The infant Christ portrayed by William Kurelek in a tent near Parliament Hill, or in an abandoned rail car, or under a haypile on the prairie – these are metaphors. But the infant Christ this year portrayed in the rubble in Bethlehem, very much not. Awareness is not fun.

But unfortunately, awareness is the actual point. Whether we accept the historicity of the narrative details of the Christmas story, or see in them the building of callbacks to the prophecies of Isaiah, they still reflect Godness as choosing on purpose the fullness of human vulnerability. Even up to and including vulnerability to terrible military onslaught and having to run for your life. 

So that if that’s our reality, we’ll know God knows it intimately. And if it’s not our reality, we’ll learn it exists. And try to grasp what it’s like. And howl for it to stop. 

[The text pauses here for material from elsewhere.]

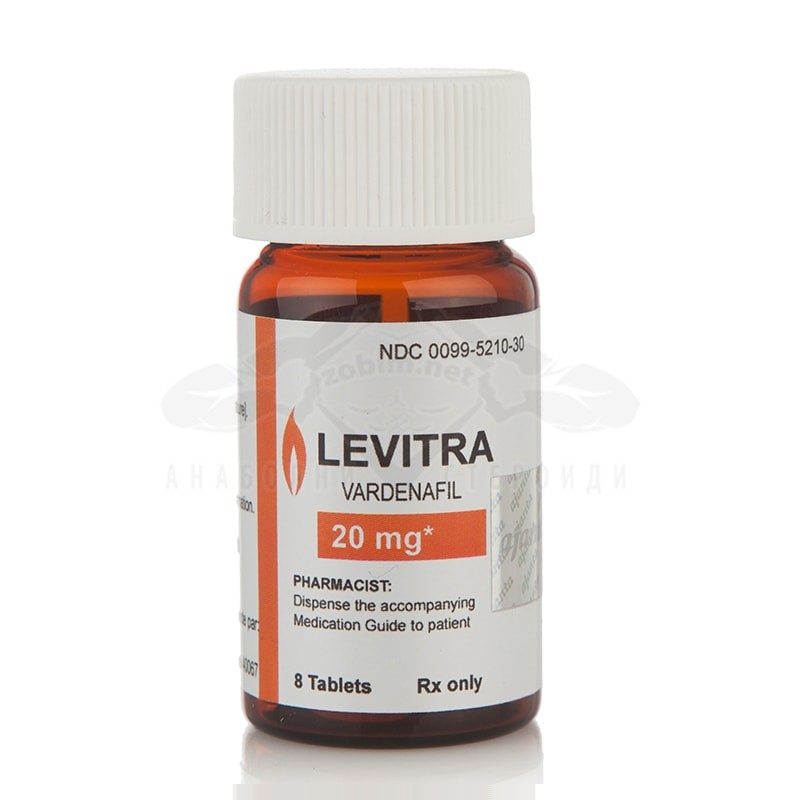Левитра Левитра - Levitra (Vardenafil)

There are times, in other words, when the specifically Christian message of the gospel is more than simply a general and good-hearted care for all God's people. And this passage from Matthew is one of those times.

This passage from Matthew makes it specifically a Christian call, a Christian mandate -- to specifically regard and treat as neighbour the one who is not just the stranger, the outsider, the Samaritan, but also and specifically the one who’s having to run for their life. As Jesus did with his parents. And to howl for it to stop.

It’s the great challenge of Christmas still meaning something after December's over. After we’ve cleaned it all up and put it away and moved on into January. It’s the great challenge of Christmas to see the face of God beyond the pretty baby in the pretty Christmas card scene. To THAT baby (Cogniet painting of Massacre of the Innocents). And its traumatized and terrified mother. To still see the face of God after "there appears to have been a struggle" – and howl that it needs to stop. 

May we be up for the challenge, in Christ’s name. God being our helper.